About this task - Pictures are not part of the copy. Write out exactly the lines from the line with "Butt Lifting Flare" through the end of the entries below.

Content starts

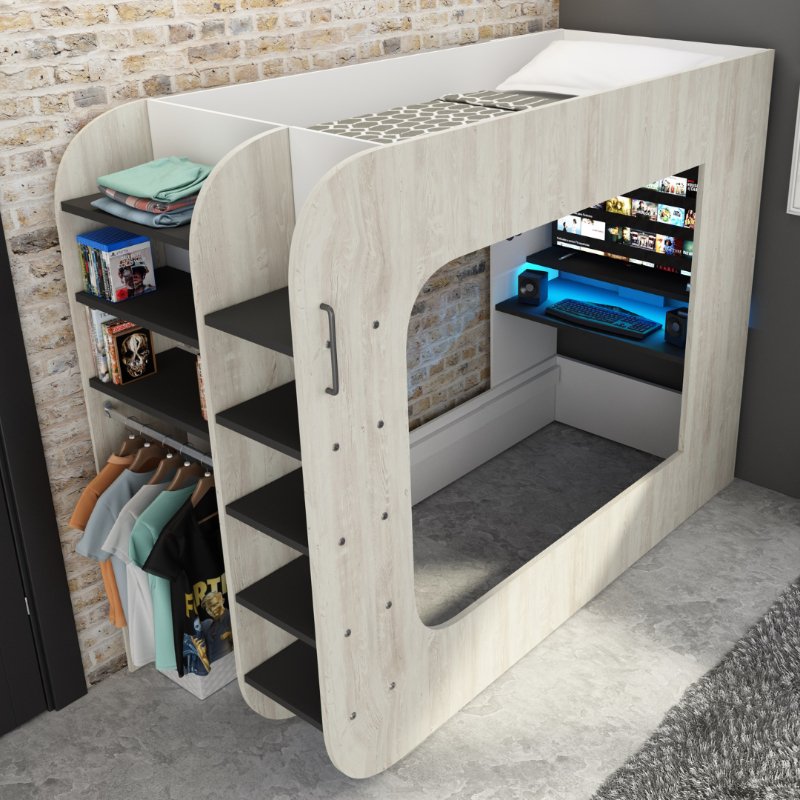 Loftpod gaming bed with desk, optional sofa bed, shelves, and clothes rail, ideal for gaming or study.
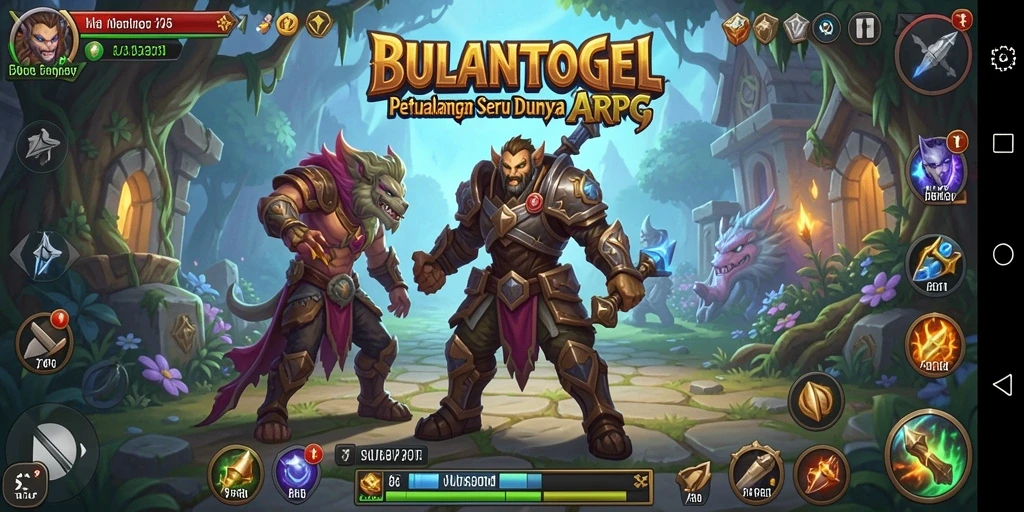 Screenshot gameplay <strong>BULANTOGEL</strong> menampilkan pertarungan seru antar karakter.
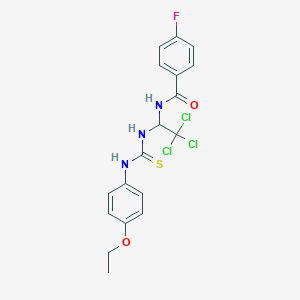 4-fluoro-N-[2,2,2-trichloro-1-({[(4-ethoxyphenyl)amino]carbonothioyl}amino)ethyl]benzamide
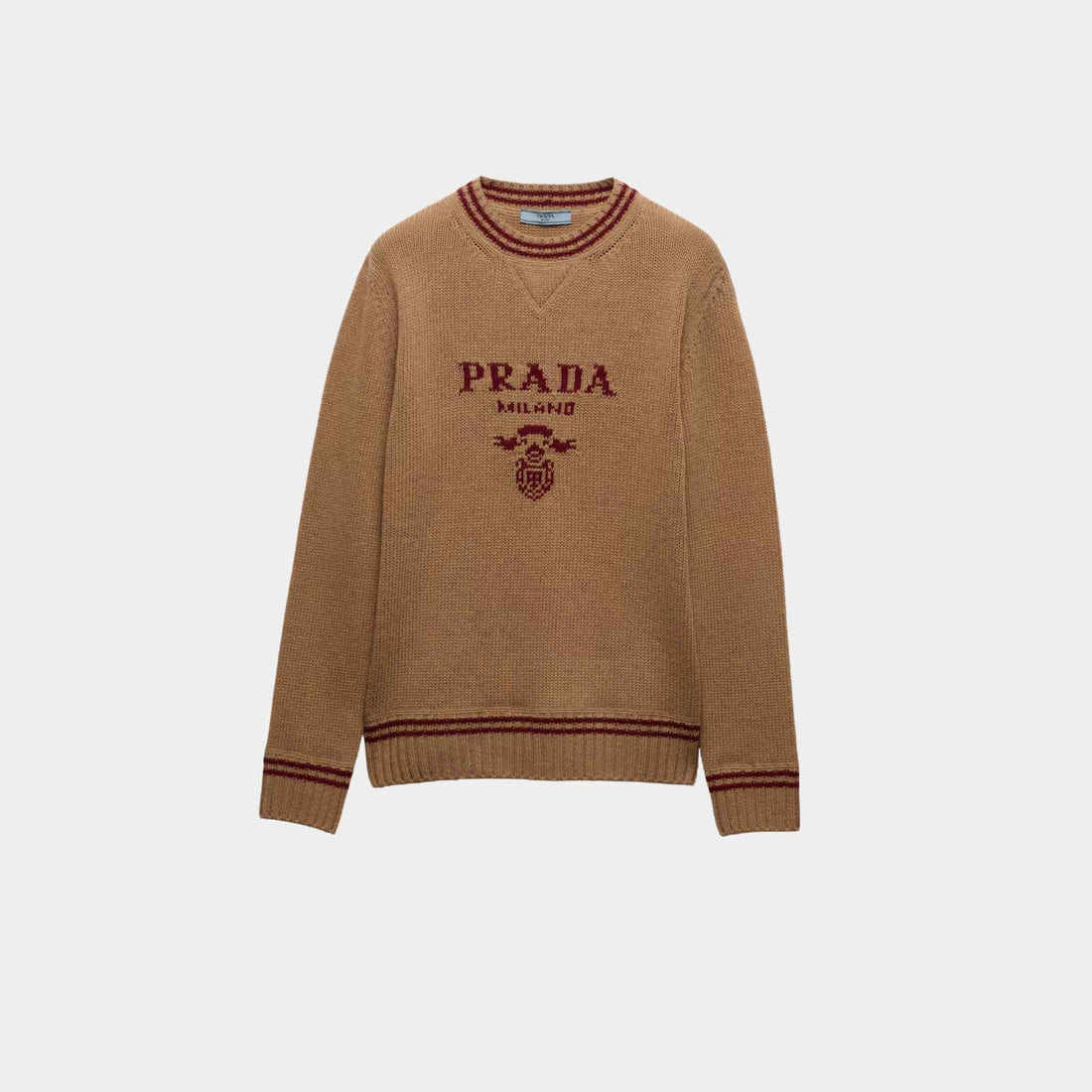 Prada Wool Cashmere Instarsia Knit Crew-neck Sweater, Camel Amaranth, Front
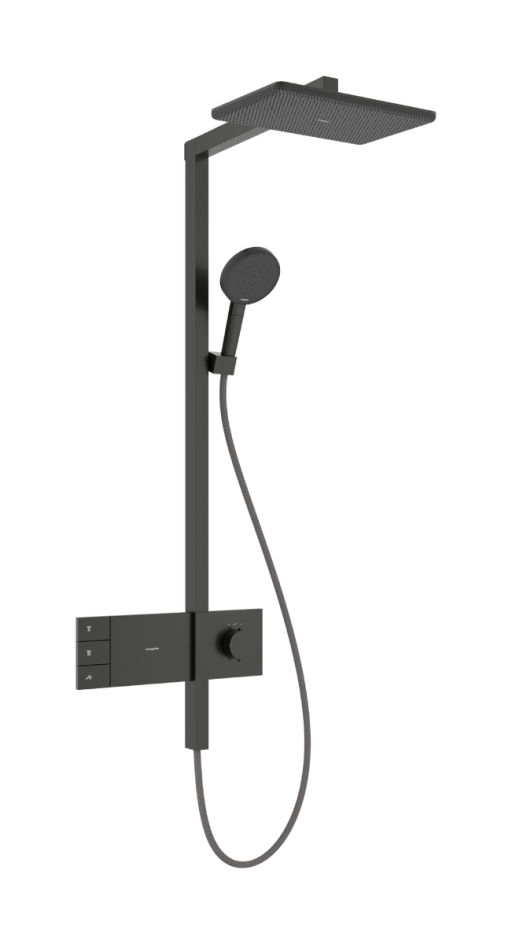 Coloana de dus Hansgrohe Raindance Alive Q 210x340 2jet EcoSmart cu baterie termostatata ShowerSelect Comfort  negru periat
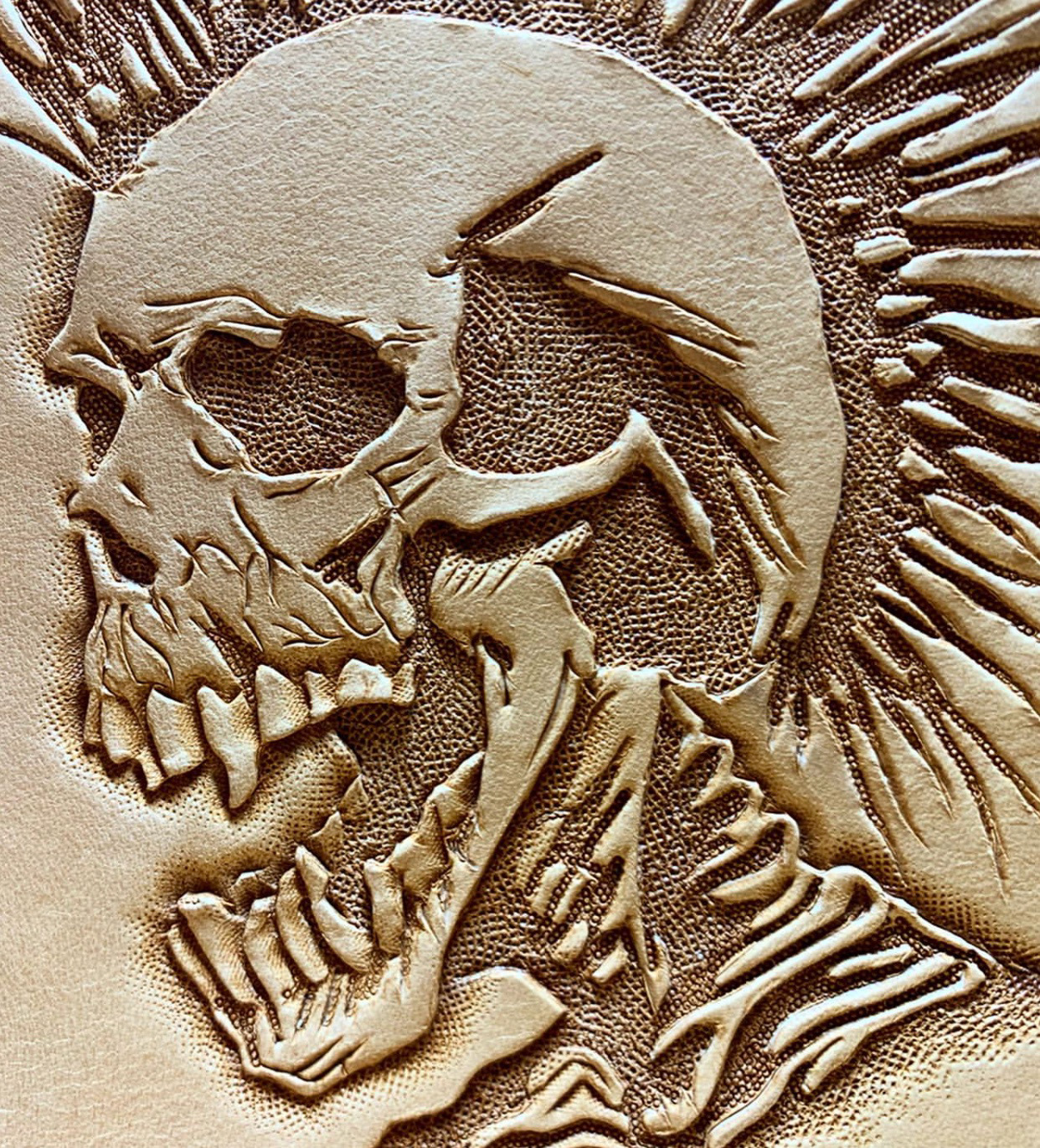 Carved Leather Wallet for singer of Exploited 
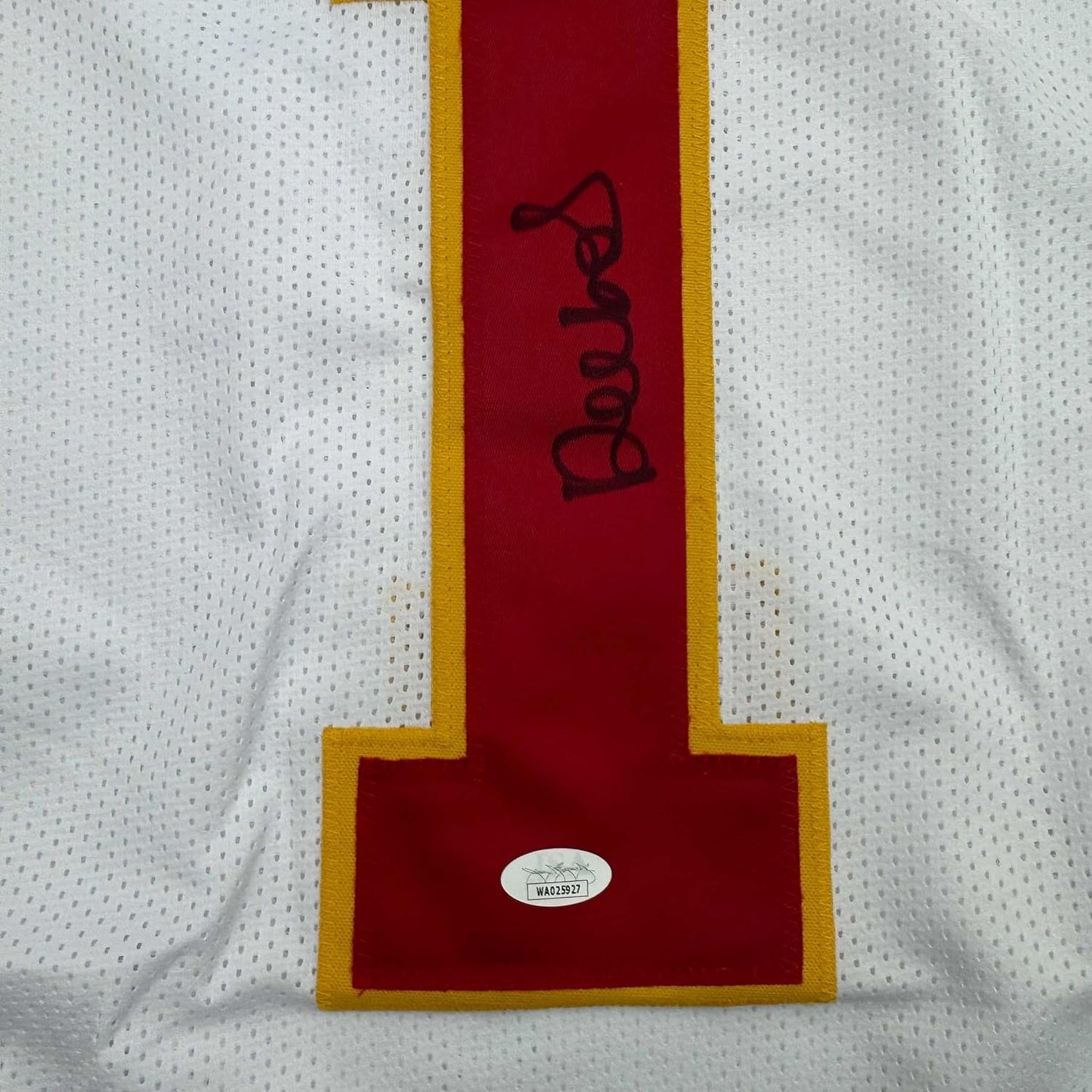 Framed Autographed/Signed Deebo Samuel 35x39 Washington White Football Jersey JSA COA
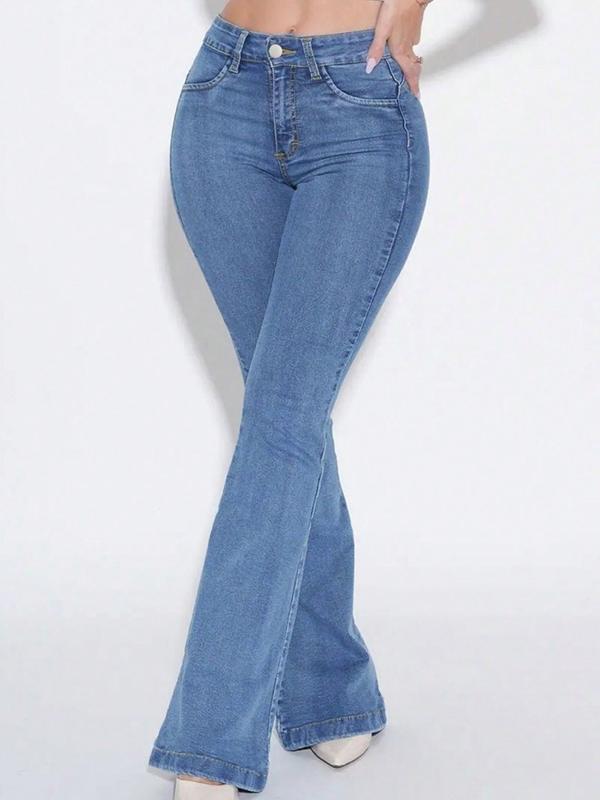 Butt Lifting Flare Jeans for Women Stretchy Bootcut High Waist Curvy Jeans Trendy Bell Bottom Wide Leg Denim Pants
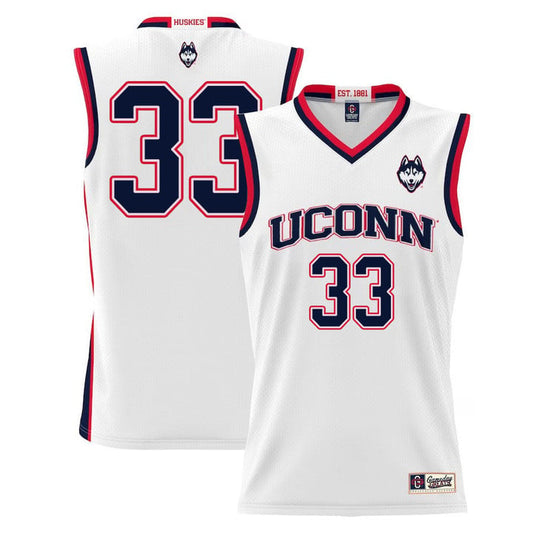 Apostolos Roumoglou Jersey UConn Huskies College Basketball White #33 by My store basketball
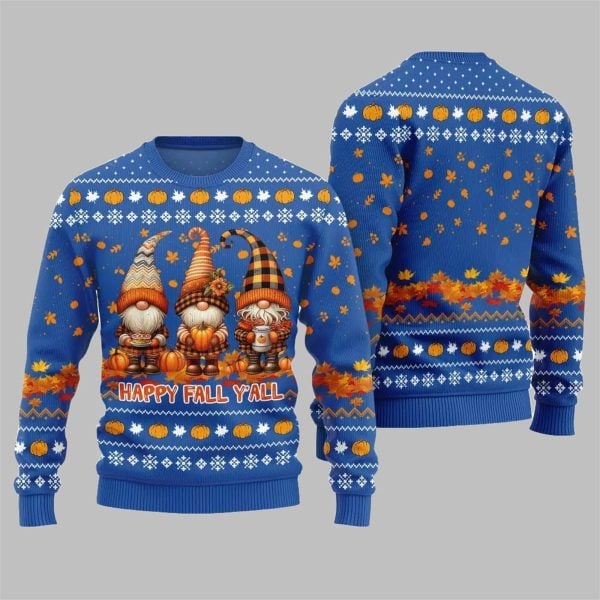 2025 Happy Fall Yall Gnome Ugly Thanksgiving Sweater 1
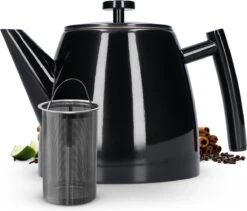Vaja® Theepot Juliette Met Filter - Dubbelwandig -Theekan 1.0L - Glimmend Zwart -Keukenbenodigdheden 1200x1024 1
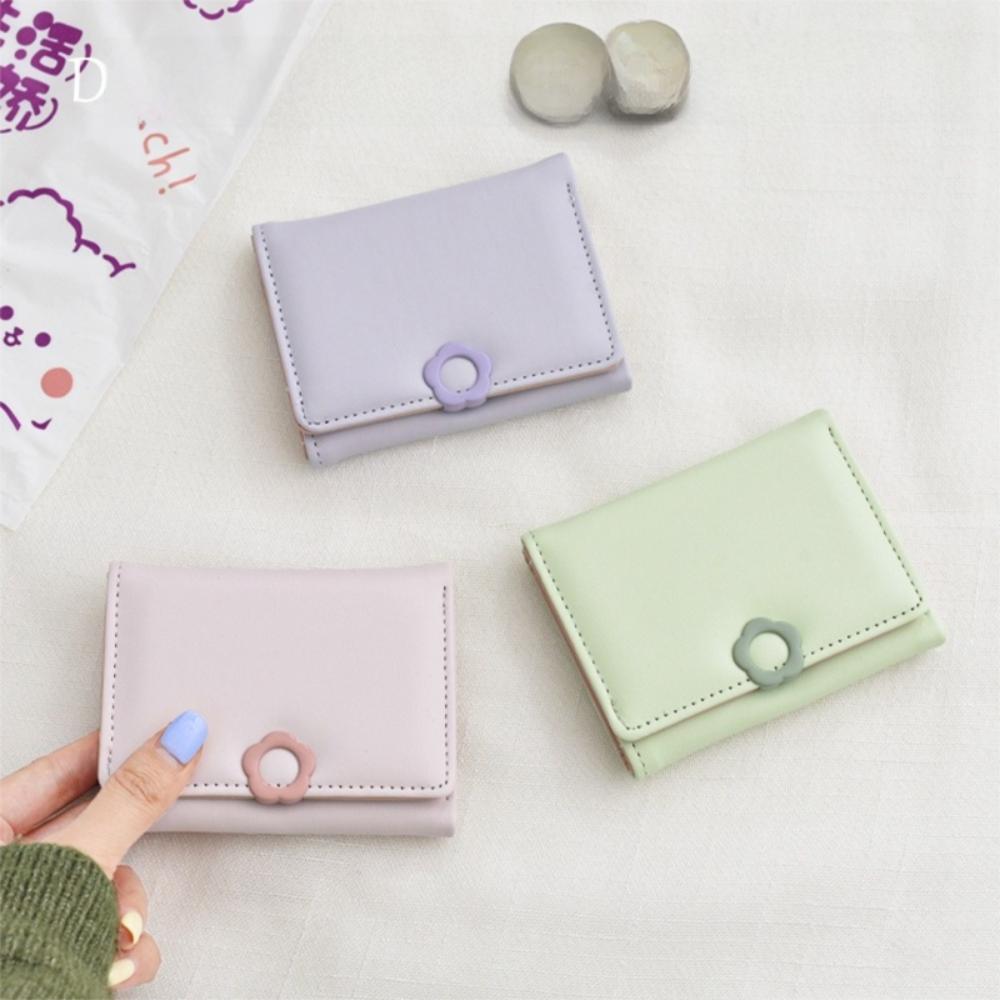 Multi-card Folding Purse Multifunctional Tri-Fold Wallet Portable Flower Short Wallet Outdoor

Content ends

Written response -
 Butt Lifting Flare Jeans for Women Stretchy Bootcut High Waist Curvy Jeans Trendy Bell Bottom Wide Leg Denim Pants
 Apostolos Roumoglou Jersey UConn Huskies College Basketball White #33 by My store basketball
 2025 Happy Fall Yall Gnome Ugly Thanksgiving Sweater 1
Vaja® Theepot Juliette Met Filter - Dubbelwandig -Theekan 1.0L - Glimmend Zwart -Keukenbenodigdheden 1200x1024 1
 Multi-card Folding Purse Multifunctional Tri-Fold Wallet Portable Flower Short Wallet Outdoor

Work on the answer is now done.